A reader has taken me to task for riffing without attribution on Claire Wolfe's "America is at that awkward stage..." in which she suggests it's too late to vote and too early to "shoot the bastards."
It's famous. It's not some obscure quote from a Christopher Marlowe play. The thing points to itself.
I seem to recall Claire herself expressing misgivings at the way some readers had taken it, behaving as if they were waiting for her to give 'em word to go--
--Which was not, AFAIK, her point. Look, if ever there's a nice time to "shoot the bastards," it'll be obvious; but there is, in fact, a long frog-boiling time between, "things are a bit awry" and "OMG OMG!" And that's where we are, by Claire's quote or my smart-alec rephrasing thereof.
As for me, I strongly suspect that the number of occasions upon which the political situation could be improved by "shooting the bastards" are few and far between, especially compared to ones in which such actions make matters enormously worse -- WW I, anyone?
I don't have much faith in "Great Leaders" of any stripe; I view an FDR or a Churchill with only slightly less suspicion than I do a Hitler or a Stalin -- I do, however, have a bit more faith in the independent-minded yeomanry behind the first two and the orderly transfer of power that replaced those leaders in turn.
On the liberty-minded side of things, if you've got some Leader, Great or small, to revere and follow, perhaps you'd better rethink. If you want revolution, revolt yourself first.
BUILDING A 1:1 BALUN
4 years ago
4 comments:
Well said.
I don't have a problem with those who want revolution. I don't have a problem with those who want change through politics. What I have a problem with is people who want revolution and yet who will not play politics. To them, I say:
War is hard. Much harder than even the hardest task in politics. War is dead babies in the gutter. War is where you witness and do terrible things. So tell me how it is you think you're up to that awful task when you can't be bothered to write letters, make calls, lobby, fund, and otherwise pull the levers of politics as hard as you can?
Our founding fathers played full frontal politics for many years before they were forced to arms. War (or, indeed, violence in general) is rightfully the last desperate measure, the thing you do only when there is no alternative whatsoever.
Only a keyboard commando, a real Pollyanna, would think otherwise.
I'm not a big believer in "great leaders". If I wanted to play follow-the-leader, I'd join a cult.
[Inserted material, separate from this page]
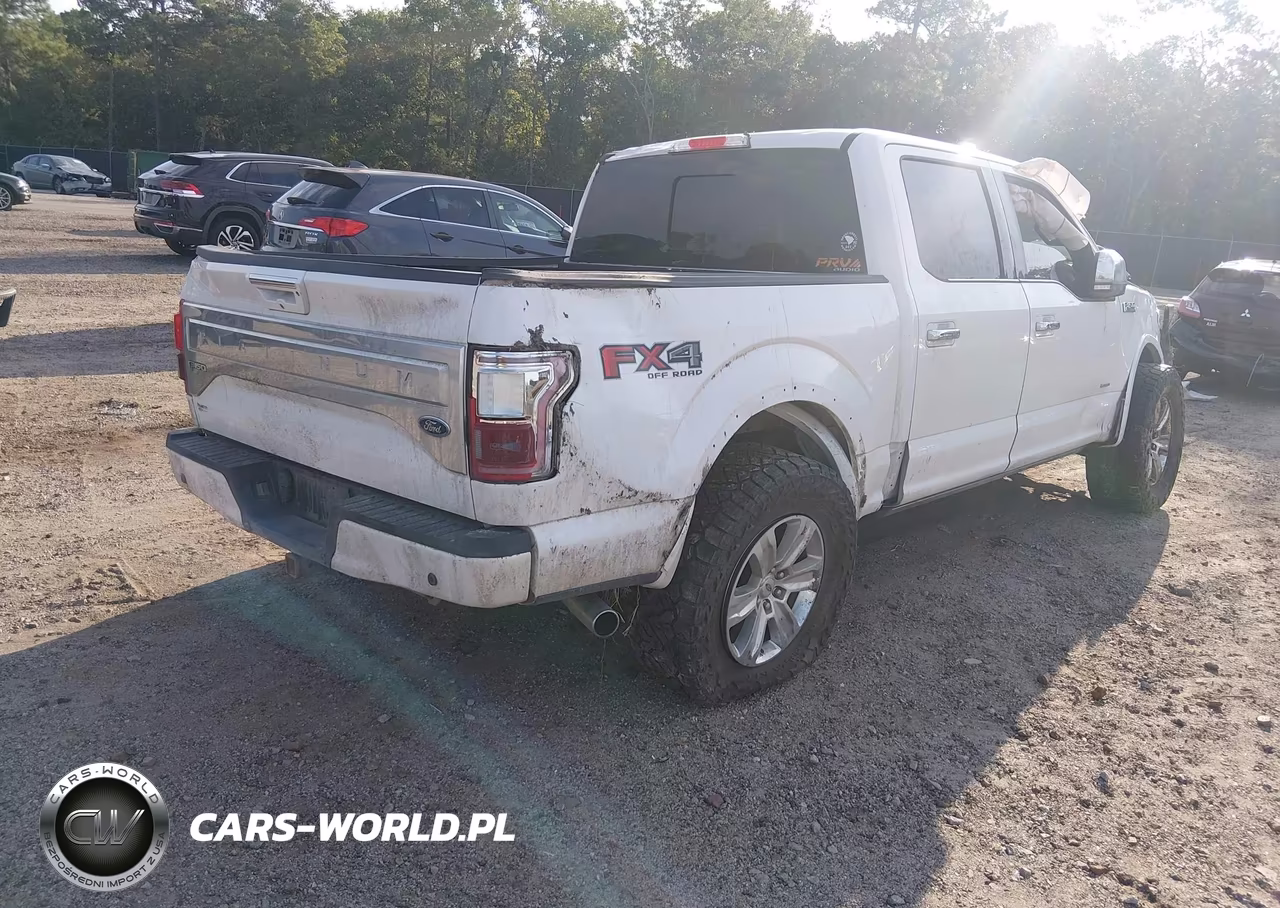2015 Ford F-150 Platinum VIN:1FTEW1EG5FFC11068 - 4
The more I study history, the less impressed I am by FDR. I think I stopped being impressed by politicos when Regan stepped out of the office...and that is only vague memories from back in middleschool. To borrow a quote from somewhere, "politics, as described by the founding fathers, is a commitment, not a profession."
If they shot Robert Mugabe when he took the third term things would have been better in Zimbabwe.
But nobody would have believed that because nobody would have believed how bad things did get.